## Your task
The expected answer is the full listing, repeated exactly and free of images.

## Dataset extract
-*-*-

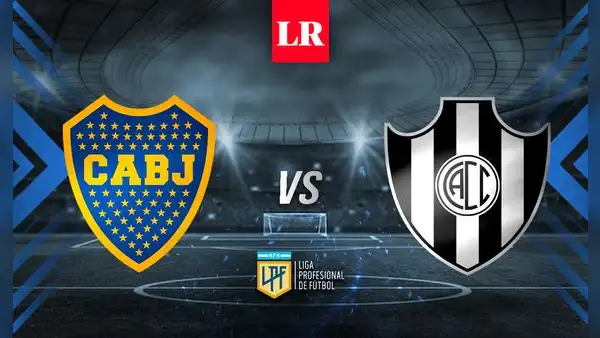 Boca Juniors vs. Central Córdoba vía TNT Sports: juegan HOY por la Copa de la Liga Profesional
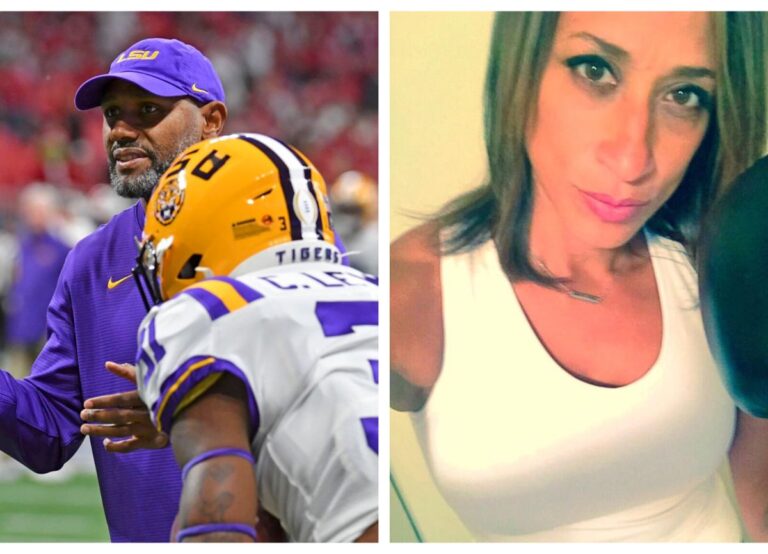 The Former LSU Coach Corey Raymond And His Wife Vanessa M McDonald Aren't Together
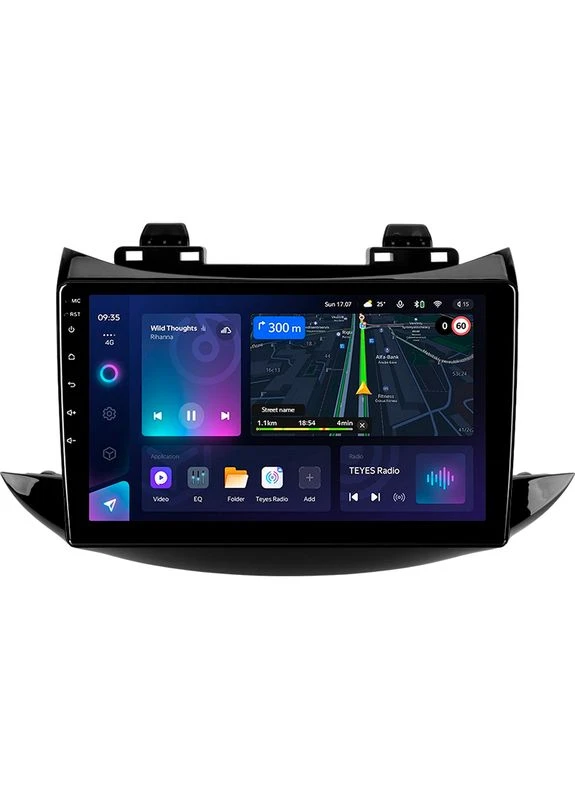Штатна магнітола CC3L 4+32 Gb Chevrolet Tracker 3 (F1) 2013-2017 9" Teyes (378932172)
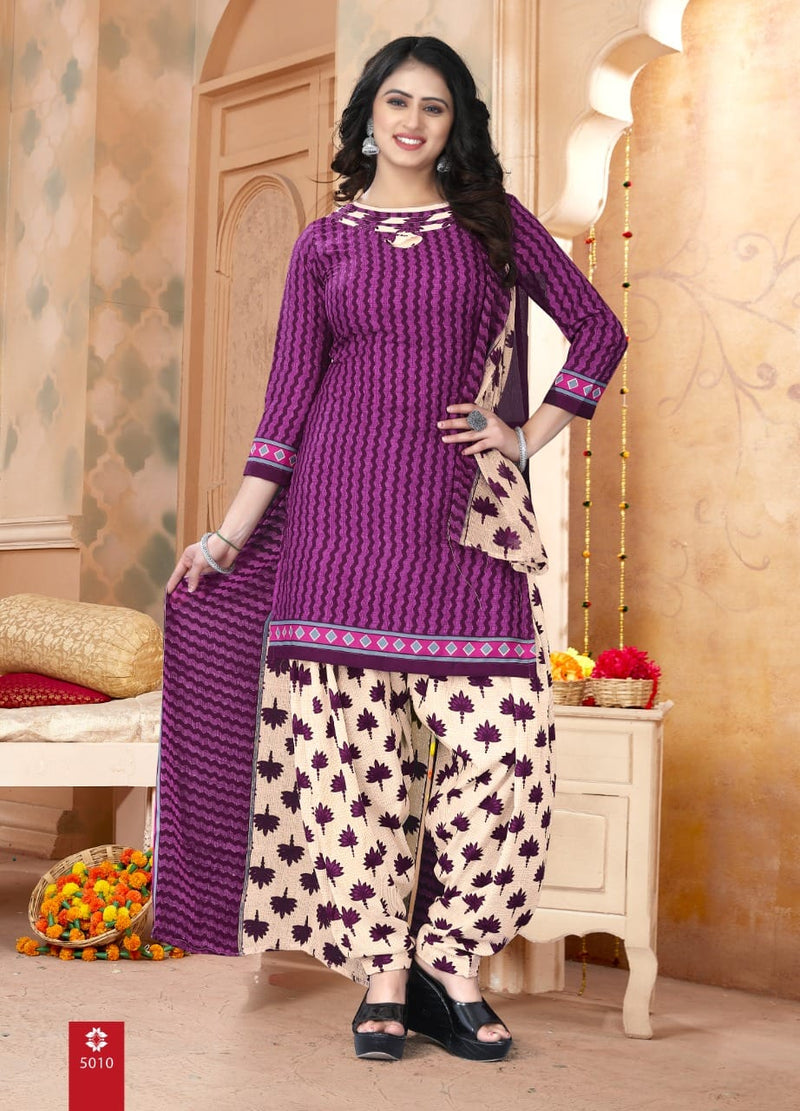 Rinkal Crepe Vol 5 American Crepe Casual  Wear Salwar Kameez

-*-*-

## Completed exercise
 Boca Juniors vs. Central Córdoba vía TNT Sports: juegan HOY por la Copa de la Liga Profesional
 The Former LSU Coach Corey Raymond And His Wife Vanessa M McDonald Aren't Together
Штатна магнітола CC3L 4+32 Gb Chevrolet Tracker 3 (F1) 2013-2017 9" Teyes (378932172)
 Rinkal Crepe Vol 5 American Crepe Casual  Wear Salwar Kameez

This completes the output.